Hmmm... z nakreśloną tak topornie postacią główną faktycznie można zrobić wszystko...
"Nie można tego opisać w słowach."
E, to tylko serial, a nie powieści Dostojewskiego... ;-)
"Do czego jest zdolny zdesperowany wręcz niespełniony 50 letni nauczyciel."
Do czego?
"Zmiana ćpuna w człowieka w o głębokim sercu i współczuciu."
Tego nie rozumieć. Za mało obejrzeć.
"Dla takich jak Ty..."
Jakich? Siem czegoś o sobie chcieć dowiedzieć...
"to są nudne dialogi, ale one są naprawdę fantastyczne."
Nuda, zero fantazji, polotu, inwencji.
No jasne, przecież to Dostojewski i jego wybitna 'Zbrodnia i kara' miała polot i inwencję! Dobre sobie.
Zeby zobaczyc tą glebie o ktorej napisal kolega musisz obejrzec kolejne sezony, no ale jezeli dla Ciebie to juz jest strata czasu i nazywasz to nedza to idz czytac ksiazki Dostojewskiego. W ogole nie rozumiem po co sie tak spinasz oraz 3 odc dopiero obejrzales a juz mowisz ze to nedza ;] Kazdy serial musi sie jakos rozkrecic.

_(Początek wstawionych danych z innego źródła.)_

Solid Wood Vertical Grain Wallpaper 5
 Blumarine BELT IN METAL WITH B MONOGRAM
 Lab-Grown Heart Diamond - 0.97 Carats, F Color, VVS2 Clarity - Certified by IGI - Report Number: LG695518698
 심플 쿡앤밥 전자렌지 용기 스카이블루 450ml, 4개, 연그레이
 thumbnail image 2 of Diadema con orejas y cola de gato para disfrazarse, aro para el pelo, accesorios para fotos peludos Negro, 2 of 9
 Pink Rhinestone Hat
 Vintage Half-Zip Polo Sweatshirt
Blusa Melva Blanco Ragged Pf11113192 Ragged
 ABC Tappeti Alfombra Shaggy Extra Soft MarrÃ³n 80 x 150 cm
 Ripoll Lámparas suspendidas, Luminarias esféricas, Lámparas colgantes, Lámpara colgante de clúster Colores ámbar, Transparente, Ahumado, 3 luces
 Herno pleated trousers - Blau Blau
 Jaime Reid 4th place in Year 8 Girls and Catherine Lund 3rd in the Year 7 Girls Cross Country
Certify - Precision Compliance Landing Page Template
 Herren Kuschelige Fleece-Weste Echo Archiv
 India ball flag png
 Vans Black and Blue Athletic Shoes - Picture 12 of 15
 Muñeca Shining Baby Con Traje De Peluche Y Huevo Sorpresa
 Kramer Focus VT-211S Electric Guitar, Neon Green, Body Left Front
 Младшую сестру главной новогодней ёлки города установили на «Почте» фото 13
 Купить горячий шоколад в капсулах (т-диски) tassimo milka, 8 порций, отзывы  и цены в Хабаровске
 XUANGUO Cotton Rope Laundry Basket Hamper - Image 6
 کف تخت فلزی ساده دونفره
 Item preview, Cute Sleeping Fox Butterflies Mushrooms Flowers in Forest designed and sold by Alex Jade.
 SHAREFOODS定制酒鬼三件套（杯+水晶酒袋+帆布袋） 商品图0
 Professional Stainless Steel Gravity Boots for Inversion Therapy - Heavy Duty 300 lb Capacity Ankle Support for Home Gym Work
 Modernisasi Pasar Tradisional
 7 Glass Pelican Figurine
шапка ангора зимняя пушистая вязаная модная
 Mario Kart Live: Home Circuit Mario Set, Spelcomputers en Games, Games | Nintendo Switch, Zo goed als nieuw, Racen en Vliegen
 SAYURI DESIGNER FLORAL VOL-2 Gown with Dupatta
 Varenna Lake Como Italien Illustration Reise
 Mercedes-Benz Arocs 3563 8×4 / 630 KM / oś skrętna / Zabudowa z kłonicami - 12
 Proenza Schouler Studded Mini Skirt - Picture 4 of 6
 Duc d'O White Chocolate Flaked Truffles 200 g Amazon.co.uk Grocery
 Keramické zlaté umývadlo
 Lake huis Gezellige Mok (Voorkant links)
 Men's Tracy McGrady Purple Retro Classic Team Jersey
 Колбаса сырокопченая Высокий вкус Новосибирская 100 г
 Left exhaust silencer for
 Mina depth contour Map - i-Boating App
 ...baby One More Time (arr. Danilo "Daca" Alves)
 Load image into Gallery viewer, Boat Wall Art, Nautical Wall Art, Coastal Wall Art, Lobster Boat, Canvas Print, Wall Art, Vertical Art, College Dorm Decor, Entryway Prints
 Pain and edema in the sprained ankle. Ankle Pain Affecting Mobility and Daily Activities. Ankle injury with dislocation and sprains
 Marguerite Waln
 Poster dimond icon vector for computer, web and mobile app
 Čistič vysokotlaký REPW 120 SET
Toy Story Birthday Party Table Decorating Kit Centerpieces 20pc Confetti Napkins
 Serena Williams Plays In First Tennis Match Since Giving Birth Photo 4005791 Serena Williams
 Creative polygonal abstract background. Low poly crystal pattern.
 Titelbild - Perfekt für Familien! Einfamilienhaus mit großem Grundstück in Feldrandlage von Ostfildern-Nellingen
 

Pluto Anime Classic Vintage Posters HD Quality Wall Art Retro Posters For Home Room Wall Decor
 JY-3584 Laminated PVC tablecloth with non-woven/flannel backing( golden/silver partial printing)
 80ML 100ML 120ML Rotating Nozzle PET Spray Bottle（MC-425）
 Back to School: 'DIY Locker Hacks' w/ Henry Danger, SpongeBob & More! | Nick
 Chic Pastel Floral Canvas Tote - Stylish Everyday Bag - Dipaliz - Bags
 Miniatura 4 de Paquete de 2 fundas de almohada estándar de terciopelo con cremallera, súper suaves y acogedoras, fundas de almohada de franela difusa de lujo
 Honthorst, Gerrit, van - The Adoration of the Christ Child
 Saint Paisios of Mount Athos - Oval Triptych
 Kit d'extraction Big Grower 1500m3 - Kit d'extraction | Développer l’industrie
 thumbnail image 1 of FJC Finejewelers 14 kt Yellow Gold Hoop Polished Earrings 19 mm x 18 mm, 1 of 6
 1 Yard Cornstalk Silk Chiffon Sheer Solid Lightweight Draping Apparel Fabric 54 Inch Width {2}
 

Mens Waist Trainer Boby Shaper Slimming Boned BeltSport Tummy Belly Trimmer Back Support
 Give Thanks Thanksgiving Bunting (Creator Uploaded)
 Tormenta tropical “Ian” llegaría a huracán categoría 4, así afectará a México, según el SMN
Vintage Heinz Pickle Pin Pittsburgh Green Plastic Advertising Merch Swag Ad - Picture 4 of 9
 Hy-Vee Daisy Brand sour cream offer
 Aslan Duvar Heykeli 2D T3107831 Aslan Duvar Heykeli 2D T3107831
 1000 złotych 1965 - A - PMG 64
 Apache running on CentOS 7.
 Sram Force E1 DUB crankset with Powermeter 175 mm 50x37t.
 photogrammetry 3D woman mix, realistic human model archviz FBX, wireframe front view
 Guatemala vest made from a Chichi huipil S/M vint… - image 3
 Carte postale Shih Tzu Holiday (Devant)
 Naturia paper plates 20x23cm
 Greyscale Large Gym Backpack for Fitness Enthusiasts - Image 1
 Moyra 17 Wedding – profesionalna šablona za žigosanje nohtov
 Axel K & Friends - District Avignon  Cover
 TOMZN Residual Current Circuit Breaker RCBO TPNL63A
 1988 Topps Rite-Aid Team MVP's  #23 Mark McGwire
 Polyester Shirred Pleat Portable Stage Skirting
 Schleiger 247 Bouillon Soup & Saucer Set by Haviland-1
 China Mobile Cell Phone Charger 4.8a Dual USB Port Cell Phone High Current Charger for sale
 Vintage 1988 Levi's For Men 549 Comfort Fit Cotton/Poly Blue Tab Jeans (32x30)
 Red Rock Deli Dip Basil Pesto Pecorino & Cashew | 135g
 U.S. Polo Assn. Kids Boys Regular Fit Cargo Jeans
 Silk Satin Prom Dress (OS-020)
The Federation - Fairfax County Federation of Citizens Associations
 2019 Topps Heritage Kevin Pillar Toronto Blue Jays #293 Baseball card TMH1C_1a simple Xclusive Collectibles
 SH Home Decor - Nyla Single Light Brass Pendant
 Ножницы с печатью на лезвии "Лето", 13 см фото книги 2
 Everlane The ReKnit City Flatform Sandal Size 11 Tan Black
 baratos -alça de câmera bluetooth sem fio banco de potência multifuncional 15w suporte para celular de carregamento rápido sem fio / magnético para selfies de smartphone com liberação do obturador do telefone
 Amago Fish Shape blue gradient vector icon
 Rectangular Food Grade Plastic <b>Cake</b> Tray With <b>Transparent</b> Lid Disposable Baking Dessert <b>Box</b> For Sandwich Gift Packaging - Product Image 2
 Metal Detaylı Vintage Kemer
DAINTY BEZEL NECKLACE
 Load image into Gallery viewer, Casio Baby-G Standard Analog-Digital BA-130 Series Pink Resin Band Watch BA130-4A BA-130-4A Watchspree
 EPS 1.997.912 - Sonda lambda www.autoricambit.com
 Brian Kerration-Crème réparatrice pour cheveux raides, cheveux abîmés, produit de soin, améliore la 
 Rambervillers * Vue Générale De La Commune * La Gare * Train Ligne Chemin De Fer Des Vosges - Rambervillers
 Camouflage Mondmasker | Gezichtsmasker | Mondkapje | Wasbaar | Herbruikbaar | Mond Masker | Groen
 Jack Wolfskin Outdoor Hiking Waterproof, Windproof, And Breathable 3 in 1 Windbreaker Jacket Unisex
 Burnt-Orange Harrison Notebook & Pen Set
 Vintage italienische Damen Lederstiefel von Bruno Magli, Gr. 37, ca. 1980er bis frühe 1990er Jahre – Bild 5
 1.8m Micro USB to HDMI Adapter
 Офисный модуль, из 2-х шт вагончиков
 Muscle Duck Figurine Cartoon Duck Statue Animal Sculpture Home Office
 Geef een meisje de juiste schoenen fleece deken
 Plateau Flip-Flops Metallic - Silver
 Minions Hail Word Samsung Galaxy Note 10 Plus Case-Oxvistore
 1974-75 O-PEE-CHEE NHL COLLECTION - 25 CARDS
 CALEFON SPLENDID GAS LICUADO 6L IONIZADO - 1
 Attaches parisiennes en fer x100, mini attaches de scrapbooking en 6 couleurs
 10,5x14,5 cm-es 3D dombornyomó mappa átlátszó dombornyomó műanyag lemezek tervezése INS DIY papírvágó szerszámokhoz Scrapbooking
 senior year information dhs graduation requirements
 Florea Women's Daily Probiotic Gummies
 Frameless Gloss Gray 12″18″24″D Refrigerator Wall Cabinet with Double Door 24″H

Nawet gdyby się serial rozkręcił to i tak nie ma sensu, żeby go dalej oglądał bo nie wczuł się w serial, a to jest bardzo ważne w Breaking Bad. Niech sobie daruje.
Dokładnie. Według mnie Ci co nie poczują tego czegoś w pierwszym sezonie to nie ma sensu tego ciągnąć nawet jak kolejne sezony się komuś spodobają to i tak to będzie trochę na siłe oglądane. Po pierwszym odcinku przeważnie się wie czy serial jest dla widza dobry czy nie.
W moim przypadku 1 sezon średnio mi sie podobał, może dlatego że go oglądałem na polsacie z lektorem, no ale kolejne sezony coraz to lepiej wchodziły.. Przykład serialu w którym co sezon jest lepszy (co jest rzadkim zjawiskiem)
w przypadku GoT - obejrzałem kiedyś 1 odcinek i jakoś odpuściłem bo nie przypadł mi do gustu, potem jednak zdecydowałem sie kolejne obejrzeć ze względu na wychwalanie tego serialu na filmwebie.. 1 sezon jak w masło wszedł, kolejne już mniej mi sie podobały, teraz oglądam tak żeby oglądać, nie widze w tym serialu nic specjalnego, dziwie sie też oceną na filmwebie no ale nie mnie oceniać gust innych :)
"w przypadku GoT - [...] teraz oglądam tak żeby oglądać, nie widze w tym serialu nic specjalnego"
Ja również.
Nie obejrzałem dotąd ostatniego, 10 odc. sezonu III, bo już mi sił zabrakło. Ale sezon I łyknąłem w jedną noc i poranek.
Co do GOT to mam tak samo, tyle że po 5 odcinku 3 sezonu (w sumie nawet go nie obejrzałam całego) dałam sobie już spokój. Nie moje klimaty.
Nieprawda !! jest sens ! ja się wkręciłam na dobre dopiero w połowie drugiego sezonu !!!
Mówię o tym konkretnym przypadku. Wątpię, że po pierwszym sezonie wypisywałaś na forum takie bzdury i prowadziłaś głupie dyskusje jak założyciel tematu. Po prostu go nie da się przekonać, że ten serial jest genialny. On już od pierwszych minut ewidentnie podszedł do Breaking Bad sceptycznie i negatywnie nastawiony. I teraz w każdej scenie będzie doszukiwał się jakichś niedorzeczności.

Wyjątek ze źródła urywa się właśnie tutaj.